With respect to psychopathology, I plan to test whether common mental disorders, including major depression and personality disorders, are merely extreme manifestations of normal personality dimensions. If it turns out, using the dimension/category framework (Dimcat; De Boeck, Wilson, & Acton, 2005), that psychiatric disorders are merely points along these dimensions, then the CAT-IPIP can be used to screen for common mental disorders. This project should be the basis for an NIMH grant.

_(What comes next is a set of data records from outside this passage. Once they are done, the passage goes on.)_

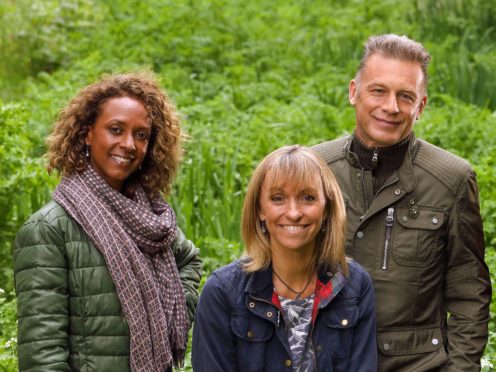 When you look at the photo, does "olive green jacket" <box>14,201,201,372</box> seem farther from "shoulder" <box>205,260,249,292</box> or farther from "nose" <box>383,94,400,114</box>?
"nose" <box>383,94,400,114</box>

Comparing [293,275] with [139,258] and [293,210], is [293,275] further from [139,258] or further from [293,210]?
[139,258]

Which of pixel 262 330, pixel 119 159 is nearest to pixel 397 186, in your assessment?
pixel 262 330

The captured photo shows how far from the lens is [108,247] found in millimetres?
3516

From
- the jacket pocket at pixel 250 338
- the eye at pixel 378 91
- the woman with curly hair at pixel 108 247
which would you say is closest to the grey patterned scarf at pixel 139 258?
the woman with curly hair at pixel 108 247

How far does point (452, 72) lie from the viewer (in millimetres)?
9609

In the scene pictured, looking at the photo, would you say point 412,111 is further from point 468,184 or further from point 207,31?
point 207,31

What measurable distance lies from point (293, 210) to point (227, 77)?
7.78 metres

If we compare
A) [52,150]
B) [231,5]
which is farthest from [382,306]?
[231,5]

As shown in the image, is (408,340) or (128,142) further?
(128,142)

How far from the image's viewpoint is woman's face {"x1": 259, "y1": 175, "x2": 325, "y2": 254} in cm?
319

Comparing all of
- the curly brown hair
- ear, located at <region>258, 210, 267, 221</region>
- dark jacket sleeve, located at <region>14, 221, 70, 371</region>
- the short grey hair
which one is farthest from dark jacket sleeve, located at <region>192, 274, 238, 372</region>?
the short grey hair

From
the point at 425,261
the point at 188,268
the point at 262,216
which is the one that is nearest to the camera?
the point at 262,216

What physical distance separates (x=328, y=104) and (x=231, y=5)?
3.66m

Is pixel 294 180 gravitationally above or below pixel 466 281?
above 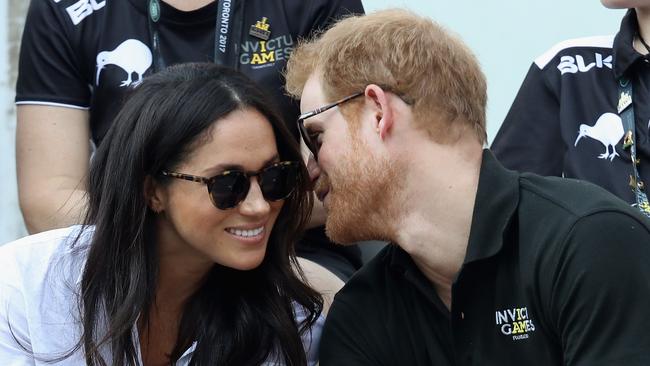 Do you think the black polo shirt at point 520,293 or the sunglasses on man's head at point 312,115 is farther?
the sunglasses on man's head at point 312,115

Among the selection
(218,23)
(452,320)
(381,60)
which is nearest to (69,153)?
(218,23)

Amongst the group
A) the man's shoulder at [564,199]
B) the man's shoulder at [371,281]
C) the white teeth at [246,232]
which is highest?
the man's shoulder at [564,199]

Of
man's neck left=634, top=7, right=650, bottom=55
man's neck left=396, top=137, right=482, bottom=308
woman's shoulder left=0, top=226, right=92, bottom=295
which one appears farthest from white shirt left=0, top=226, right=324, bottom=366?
man's neck left=634, top=7, right=650, bottom=55

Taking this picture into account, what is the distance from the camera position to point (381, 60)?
2.72m

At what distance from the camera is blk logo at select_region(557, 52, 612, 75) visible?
3.37 metres

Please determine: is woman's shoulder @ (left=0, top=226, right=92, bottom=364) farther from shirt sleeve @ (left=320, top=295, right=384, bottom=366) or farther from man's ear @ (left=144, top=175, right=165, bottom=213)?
shirt sleeve @ (left=320, top=295, right=384, bottom=366)

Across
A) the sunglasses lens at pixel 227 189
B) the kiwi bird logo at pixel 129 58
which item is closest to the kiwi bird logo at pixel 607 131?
the sunglasses lens at pixel 227 189

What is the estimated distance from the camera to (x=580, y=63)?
11.1ft

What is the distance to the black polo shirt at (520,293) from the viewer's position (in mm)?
2369

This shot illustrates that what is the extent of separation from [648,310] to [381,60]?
2.70 feet

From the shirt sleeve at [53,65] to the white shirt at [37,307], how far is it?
2.18 feet

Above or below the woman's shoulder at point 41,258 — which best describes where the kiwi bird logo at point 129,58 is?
above

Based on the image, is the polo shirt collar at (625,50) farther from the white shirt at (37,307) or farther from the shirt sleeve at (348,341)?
the white shirt at (37,307)

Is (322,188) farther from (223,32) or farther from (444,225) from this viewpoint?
(223,32) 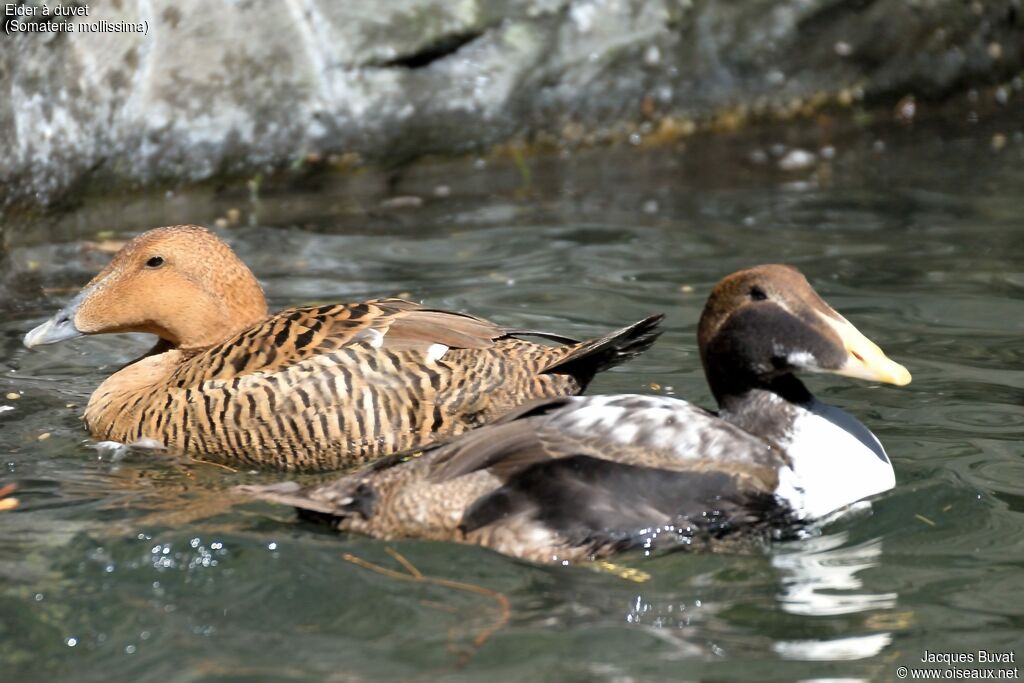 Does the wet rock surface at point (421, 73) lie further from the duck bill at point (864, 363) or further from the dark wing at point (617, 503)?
the duck bill at point (864, 363)

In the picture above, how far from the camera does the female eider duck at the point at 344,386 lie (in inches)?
208

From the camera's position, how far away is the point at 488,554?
436cm

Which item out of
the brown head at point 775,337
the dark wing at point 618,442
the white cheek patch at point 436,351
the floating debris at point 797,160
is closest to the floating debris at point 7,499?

With respect to treatment, I plan to test my theoretical explanation for why interpersonal psychotherapy is efficacious. I have a grant under review with the National Alliance for Research on Schizophrenia and plan to submit a grant to NIMH to conduct clinical trials (e.g., Acton et al., 2005) of group IPT for depression in two poor, underserved populations. These studies provide an opportunity to apply the same psychometric model as in the experience-sampling study of couples, with patients reporting on complementary with the therapist at the end of each session, to see whether the Generalized Interpersonal Principle of Complementary--specifically, anticomplementarity, or the antidote (Acton & Zodda, 2005)--predicts therapist effectiveness. Positive results would lead straightforwardly to the development of an interactive treatment manual, such that the CAT-IPIP would register dozens of complementary and anticomplementary responses that could be used selectively to change a patient's behavior and affect with specified probability. Thus, in this model, assessment drives treatment.
In the best case scenario, completion of this research program will allow me to (a) replace most measures of personality and psychopathology with a free online computerized adaptive test that comprehensively assesses all individual differences in 1 hour and provides automated feedback; (b) reformulate classical interpersonal theory so as to explain interpersonal behavior and affect; (c) provide a dimensional alternative to common DSM diagnoses; and (d) explain an effective form of psychotherapy. In this way, I should have achieved many of my most important career goals by 2010.